My only caveat is that the Private Browsing feature’s name varies from browser to browser; Chrome calls it an ‘Incognito Window’ while Internet Explorer uses ‘InPrivate Browsing’, for example.
Also slightly annoying? Each browser has a different way of turning on Private Browsing. The mobile apps are usually totally different from the desktop versions, too.
Clearly, Bill Gates & Sergey Brin need to grab a coffee & work things out, but until they do…
How To Open Private Browsing Windows In Your Browser
In Chrome, the Incognito Window feature is in the top menu bar under ‘File’. If you click ‘File’, you should see a ‘New Incognito Window’ option in the dropdown menu. Click that & a new window with a background that says ‘you’ve gone incognito’ should appear. Congratulations — you’re browsing privately!
In the Chrome app on your phone, tap the ‘More’ icon in the top right corner (it looks like three gray dots on top of one another). Then just tap ‘New Incognito Tab’. If a window opens with a little gray icon that looks like a fedora with glasses underneath, you’re browsing privately.
You can also open any link in an Incognito Tab by long-tapping (aka keeping your finger on a link) until a menu pops up with the ‘Open in Incognito Tab’ option.
In Firefox, just click ‘File’ in the menu bar at the top of your screen, then choose ‘New Private Window’ from the dropdown. You should have a new window open with a background that says ‘you’re browsing privately’. You can always identify a private window in Firefox because the favicon in the top lefthand corner of your tabs will be a little Phantom of the Opera mask.

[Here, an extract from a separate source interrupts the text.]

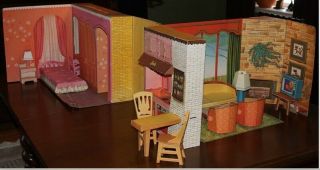 1964 Barbie Dream House / Owner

Tap the three gray dots icon at the top right of the screen, then tap the option that says ‘New Private Tab’.
Firefox also makes it convenient to open links in a Private Tab. Keep your finger on any link for a couple of seconds & a menu should pop up with the option ‘Open link in Private Tab’.
In Safari, go up to menu at the top of your screen & choose ‘File’, then click on the ‘New Private Window’ option in the dropdown list. A new window should pop up with a caption at the top that says ‘private browsing enabled’. You did it!

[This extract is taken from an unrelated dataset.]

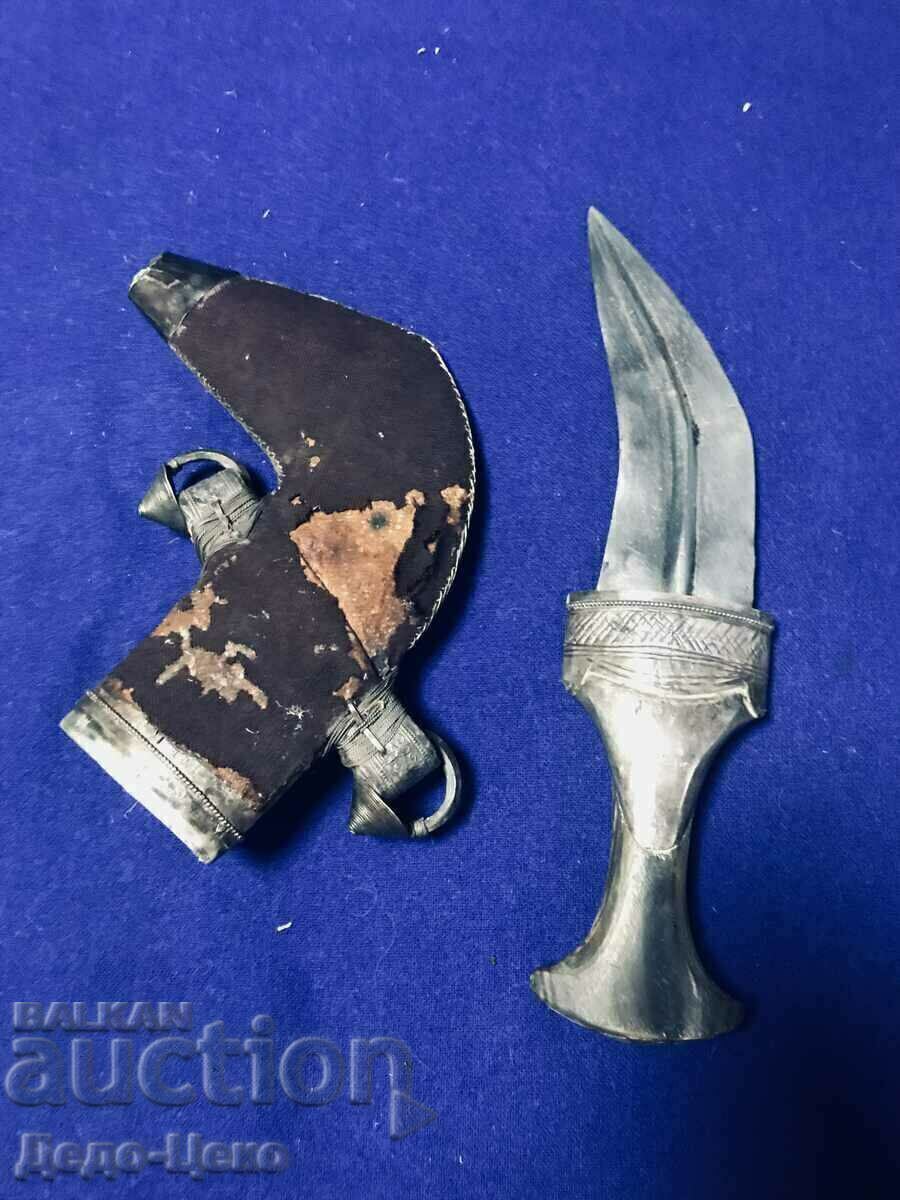 Jambia Dagger Kumaya Knife with price 570.00 BGN | € 291.44 Jambia Dagger Kumaya Knife with price 570.00 BGN | € 291.44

In the Safari app, tap on the New Window icon in the bottom right corner of your screen (it looks like two overlapping blue squares). A bar should appear at the bottom of your screen with the word ‘Private’ on the left. Tap that & you should be browsing privately. Tap the plus sign in the bottom center of the screen to open a new tab & go about your business.
Internet Explorer calls its version of the feature ‘InPrivate Browsing’, & there are three different ways to get to it in Windows 10. The easiest option is probably just going to the ‘New Tab’ page & choosing ‘InPrivate Browsing’ there, but you can also open it up by hitting Ctrl+Shift+P on your keyboard or by selecting ‘InPrivate Browsing’ from the ‘Safety’ menu.